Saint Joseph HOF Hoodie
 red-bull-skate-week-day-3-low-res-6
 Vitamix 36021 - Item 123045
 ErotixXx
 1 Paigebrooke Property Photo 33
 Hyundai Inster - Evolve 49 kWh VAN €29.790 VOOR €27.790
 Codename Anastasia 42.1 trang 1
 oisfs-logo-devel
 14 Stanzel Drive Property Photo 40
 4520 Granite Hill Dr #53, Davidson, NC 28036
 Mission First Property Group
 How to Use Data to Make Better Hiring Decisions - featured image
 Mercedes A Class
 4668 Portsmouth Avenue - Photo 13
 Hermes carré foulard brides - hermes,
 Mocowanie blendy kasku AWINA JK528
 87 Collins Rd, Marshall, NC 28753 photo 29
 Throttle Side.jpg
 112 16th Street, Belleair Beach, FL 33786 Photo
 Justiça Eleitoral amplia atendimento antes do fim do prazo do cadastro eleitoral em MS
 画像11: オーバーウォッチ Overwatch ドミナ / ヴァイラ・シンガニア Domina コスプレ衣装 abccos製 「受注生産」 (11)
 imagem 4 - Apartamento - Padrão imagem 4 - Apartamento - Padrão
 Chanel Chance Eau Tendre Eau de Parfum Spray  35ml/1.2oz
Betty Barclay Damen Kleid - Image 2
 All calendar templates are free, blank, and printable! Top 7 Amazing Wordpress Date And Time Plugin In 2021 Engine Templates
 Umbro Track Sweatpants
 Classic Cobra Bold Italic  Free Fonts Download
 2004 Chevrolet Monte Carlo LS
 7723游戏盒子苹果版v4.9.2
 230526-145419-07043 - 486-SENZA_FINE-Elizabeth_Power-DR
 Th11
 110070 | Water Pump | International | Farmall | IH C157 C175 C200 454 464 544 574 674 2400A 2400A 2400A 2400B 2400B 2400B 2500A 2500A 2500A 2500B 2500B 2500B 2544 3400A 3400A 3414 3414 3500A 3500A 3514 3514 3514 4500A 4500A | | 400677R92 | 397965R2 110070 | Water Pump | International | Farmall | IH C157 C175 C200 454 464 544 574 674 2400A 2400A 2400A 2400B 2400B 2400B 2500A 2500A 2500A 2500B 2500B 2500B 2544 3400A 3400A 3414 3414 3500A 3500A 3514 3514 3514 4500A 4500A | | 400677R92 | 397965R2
• • • •
> _Activity_
Begin with the line that contains "14 Stanzel Drive Property Photo 40" and set down each line exactly until the records above end, including the final line.

> _Written reply_
 14 Stanzel Drive Property Photo 40
 4520 Granite Hill Dr #53, Davidson, NC 28036
 Mission First Property Group
 How to Use Data to Make Better Hiring Decisions - featured image
 Mercedes A Class
 4668 Portsmouth Avenue - Photo 13
 Hermes carré foulard brides - hermes,
 Mocowanie blendy kasku AWINA JK528
 87 Collins Rd, Marshall, NC 28753 photo 29
 Throttle Side.jpg
 112 16th Street, Belleair Beach, FL 33786 Photo
 Justiça Eleitoral amplia atendimento antes do fim do prazo do cadastro eleitoral em MS
 画像11: オーバーウォッチ Overwatch ドミナ / ヴァイラ・シンガニア Domina コスプレ衣装 abccos製 「受注生産」 (11)
 imagem 4 - Apartamento - Padrão imagem 4 - Apartamento - Padrão
 Chanel Chance Eau Tendre Eau de Parfum Spray  35ml/1.2oz
Betty Barclay Damen Kleid - Image 2
 All calendar templates are free, blank, and printable! Top 7 Amazing Wordpress Date And Time Plugin In 2021 Engine Templates
 Umbro Track Sweatpants
 Classic Cobra Bold Italic  Free Fonts Download
 2004 Chevrolet Monte Carlo LS
 7723游戏盒子苹果版v4.9.2
 230526-145419-07043 - 486-SENZA_FINE-Elizabeth_Power-DR
 Th11
 110070 | Water Pump | International | Farmall | IH C157 C175 C200 454 464 544 574 674 2400A 2400A 2400A 2400B 2400B 2400B 2500A 2500A 2500A 2500B 2500B 2500B 2544 3400A 3400A 3414 3414 3500A 3500A 3514 3514 3514 4500A 4500A | | 400677R92 | 397965R2 110070 | Water Pump | International | Farmall | IH C157 C175 C200 454 464 544 574 674 2400A 2400A 2400A 2400B 2400B 2400B 2500A 2500A 2500A 2500B 2500B 2500B 2544 3400A 3400A 3414 3414 3500A 3500A 3514 3514 3514 4500A 4500A | | 400677R92 | 397965R2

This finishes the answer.